Nikolai Gogol é visto como um dos primeiros e mais influentes escritores da Idade de Ouro da literatura russa. Nascido no que é a atual Ucrânia, Gogol era um hipocondríaco paranóico que temia a morte e adoecia regularmente. Gogol produziu seu melhor trabalho quando estava saudável e ficou essencialmente imóvel durante seus períodos de baixa. Seu trabalho mais famoso, Dead Souls, foi baseado no Inferno de Dante e teve como objetivo criar um trabalho que emulasse a moralidade russa. Após o seu lançamento, Dead Souls causou um grande alvoroço devido às suas passagens controversas e explícitas.
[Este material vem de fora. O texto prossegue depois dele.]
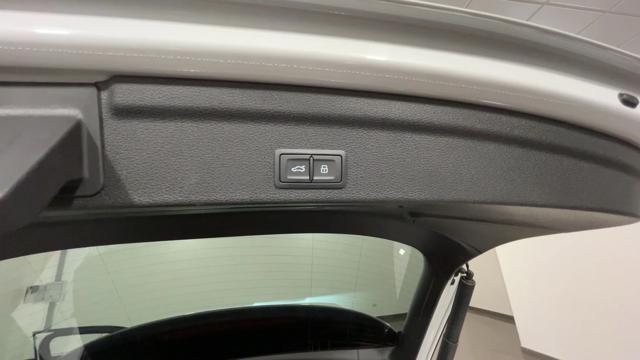 AUDI Q3 usata, con Volante in pelle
A comunidade religiosa atacou Gogol, que levou os ataques para o lado pessoal e tentou consertar as coisas. Foi assim que ele se envolveu com o padre Matvey Konstantinovsky, um líder religioso que convenceu Gogol de que seu trabalho era pecaminoso. Konstantinovsky encorajou Gogol a renunciar ao seu trabalho e queimar o que restava. Convencido de que seu comportamento imoral era a causa de suas doenças, Gogol concordou e queimou a segunda parte de Dead Souls, que estava quase concluída. Ele imediatamente se arrependeu dessa decisão e caiu em profunda depressão. Após nove dias sem comer, Gogol morreu.
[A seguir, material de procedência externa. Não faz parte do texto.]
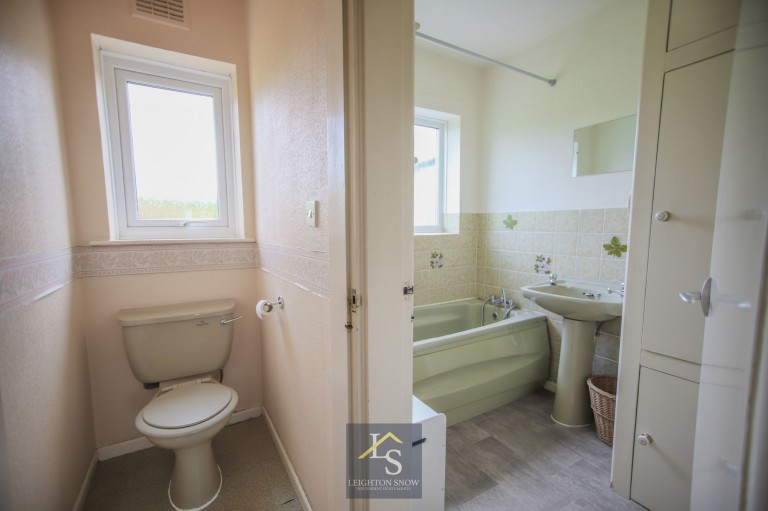 Images for Hurst Avenue, Cheadle Hulme, SK8 EAID:425574707 BID:a331354c-8a27-4290-8521-a2425358b7e6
1. Códices mexicanos perdidos


Apesar de deixar para trás muitas ruínas fabulosas, as civilizações asteca e maia estão envoltas em mistério. Ainda existem grandes lacunas em nosso conhecimento de como eles viviam, quem eram e como desapareceram. Isso se deve em parte ao passar do tempo, mas os verdadeiros mistérios derivam da perda de seus códices. Os códices astecas e maias, conhecidos coletivamente como códices mexicanos, eram uma coleção de ilustrações e textos que documentavam a vida, a história, e cultura de seu povo. Menos de 30 sobrevivem hoje, e estes têm sido fundamentais para nos ajudar a entender sua língua e cultura. Muitos deles foram destruídos por Itzcoatl, um asteca que liderou um golpe bem-sucedido para derrubar o imperador. Quando foi instalado, Itzcoatl ordenou que os códices fossem destruídos para que ele pudesse reescrever a história, literalmente. Quando os espanhóis invadiram, pouco mais de 100 anos depois, eles destruíram quase todos os códices maias. Diego de Landa havia tentado brutalmente converter os nativos à cultura espanhola, mas não tinha autoridade para fazê-lo. Como resultado, ele foi forçado a voltar para a Espanha e documentar o que havia aprendido sobre sua história e cultura. Sua obra também foi perdida, mas não antes de outros autores terem transcrito partes dela. Isso nos deixa com um relato de terceira mão quadriculado dos códices perdidos.